In 2003, a project to build a new, larger sanctuary was undertaken with the idea of creating a venue that could be made available to the community as well house our growing congregation. The facility would have a 1400-seat auditorium, classroom/meeting spaces, and offices for church staff. The new structure was to be built immediately adjacent to and connected to the existing facility.

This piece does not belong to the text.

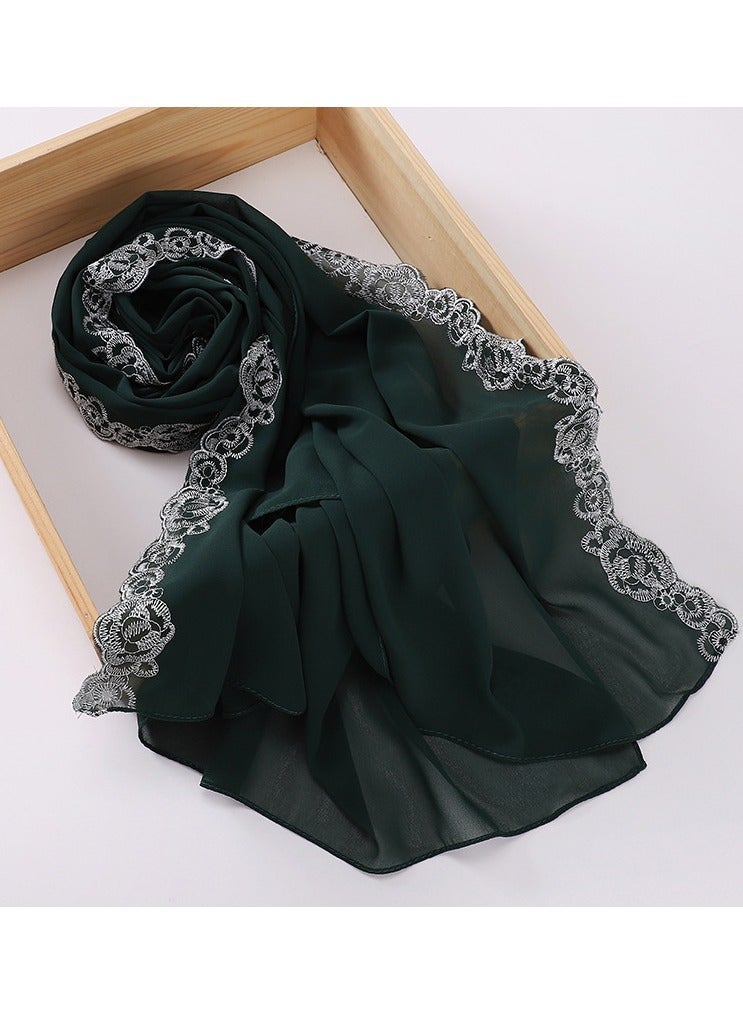 Loquat New Lace Lace Trimmed Edge Solid Pearl Chiffon Long Scarf Single Color Headband Cover Scarf Female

We’ve been in the new facility for two years now. And after our having occupied the other facility since the 1970s, the move, while welcome and greatly anticipated, was and still is not without challenges. To save money, whatever equipment that could be brought over from the old sanctuary and was reinstalled in the new facility. That included Shure ULX wireless mic systems, Canon XL1S and XL2 videocameras, and desktop computers running EasyWorship church presentation software, and an assortment of lighting instruments. New purchases included a Yamaha PM5D mixing console, a Meyer Sound M'Elodie line-array loudspeaker system, and a Clear-Com intercom system. An ETC SmartFade ML lighting console and Source Four PARs were also purchased and installed to provide a basic lighting system for the new worship center. Subsequent purchases included some Chroma-Q Color Force LED cyc lights, and some JBL SRX700 series speakers to be used for monitors. The two side projectors are Sanyo PLC-XT35L 5000-lumen projectors. The center projector is a Sanyo 12,000-lumen PLC-XF46N.

The technology teams worked closely with Bill Platt of Platt Design Group for the design, integration, and implementation of the new and existing equipment.